Loss of cell viability is altered for human A549 cells infected by viruses with ADP mutations. (A) A549 cells were infected at 20 PFU per cell with the indicated viruses with ADP lumenal mutations. At daily intervals, cell viability was assayed by trypan blue exclusion. rec700 is the WT ADP control. pm734.1 is the ADP⁻ control. The virus mutations were dl735 (Δ4-11), pm734.7 (Asn₁₄ to Ser), pm734 (Δ1-40), pm734.1 (missense mutations of Met₁ and Met₄₁ such that ADP would initiate at Met₄₉), and dl737 (Δ29-45). (B) A549 cells were infected at 25 PFU per cell with viruses with point mutations of Met residues.
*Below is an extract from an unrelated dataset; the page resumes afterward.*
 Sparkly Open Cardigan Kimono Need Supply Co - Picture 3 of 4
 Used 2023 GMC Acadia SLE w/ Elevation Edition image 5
The mutations were as follows: rec700 (WT control), pm734.1 (Δ1-48), pm734.2 (Met₄₁ to Leu), pm734.3 (Met₄₉ to Leu), pm734.4 (Met₅₆ to Leu and Cys₅₂ to Arg), and pm734 (Δ1-40). (C) A549 cells were infected at 25 PFU per cell with viruses containing deletions of the transmembrane or cytoplasmic sequence of ADP. The viruses were as follows: pm734.1 (Δ1-48), dl738 (Δ46-60), dl715.1 (Δ63-70), dl714 (Δ71-94), dl715 (Δ76-89), dl716 (Δ79-101), and dl717 (Δ81-88). (D) A549 cells were infected at 25 PFU per cell with viruses containing point mutations in the transmembrane or cytoplasmic sequence of ADP. Controls were rec700 (WT), pm734.1 (ADP⁻), and dl712 (ADP⁻). Point mutations were as follows: pm734.4 (Met₅₆ to Leu and Cys₅₂ to Arg), pm734.8 (Met₅₆ to Leu), and pm734.9 (Leu₉₆Leu₉₇Leu₉₈ to Ala₉₆Ala₉₇Ala₉₈). Panels B and C are from the same experiment.